On Thursday I had a great time over at Eric, James, and David's place. Lots of people came, we had some yummy curry Eric made, some cake that Audrey made, some cheesecake, and some immortality that tasted like apples (aka Martinelli's). We played games and OMG I want RockBand. I knew it was fun, but oh man I had such a blast. I'll have to try to get it sometime. I'll miss everyone greatly, I had so much fun!!
I've been working hard to pack and clean the apartment. We have a lot of stuff, so it has taken a long time. I DO NOT need everyone telling me that I have a lot of stuff. I know I have a lot of stuff. Bugger off. I'm so tired of being told about my possessions (sorry, I really like books?).
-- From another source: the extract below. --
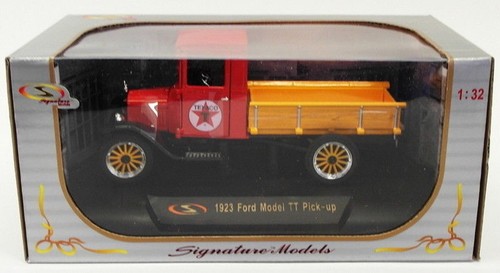 Signature Models 1/32 Scale 32323 - 1923 Ford Model TT Pick-up - Texaco - Picture 4 of 9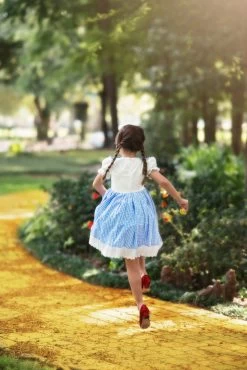 DOROTHY -Trish Scully 330 3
I'm also sick of people telling me about the state of the apartment. Obviously, they've never seen it in its normal state, because it is fine right now. It's very, very tidy for our apartment, and I'd say it's very tidy for someone who is ABOUT TO MOVE. Ughhh.
I want to cry for attention from my relatives/parents. It's MY graduation, right? Can we pay attention to ME? Is that too much to ask? I know no one gives a damn about my interests, work, and what I do in life, but can you pretend? Noah got to give a huge presentation about his senior project and stuff to my relatives, but my senior project gets a mention, and that's all. I kept copies of the books out in case they wanted to see them after we all had dinner last night. My mom did ask me if she could look at them, but when they dropped me off at my apartment, they just got the tickets for graduation and left. Is it because my project wasn't up for any awards? Or is it because it is a comic anthology? Maybe comic anthologies don't count as "real" senior projects.
Ugh. I'm in such a bad mood, and I don't know if it will improve until I get home. Even the trip back will be bleh... my dad wants to talk to me about "things I need and should do as an adult." I don't want to hear about it. Give me a little breathing room after graduation, then let's have the serious talk. When I'm not in a slaughtering mood. Please?
Ughhh, I'm feeling so blaaaaaahhhh. At least Nur and I will (hopefully) be able to Pictochat during the big ceremony!!
EDIT
Whoa, I'm in such a good mood now. I was going through the kure-nai novels and there are so many adorable pictures of Shinkurou and Murasaki, I couldn't help but become very happy! I can't figure out which pictures in these books I like more, Shinkurou taking care of Murasaki (he's such a good big brother-type) or Shinkurou being a badass.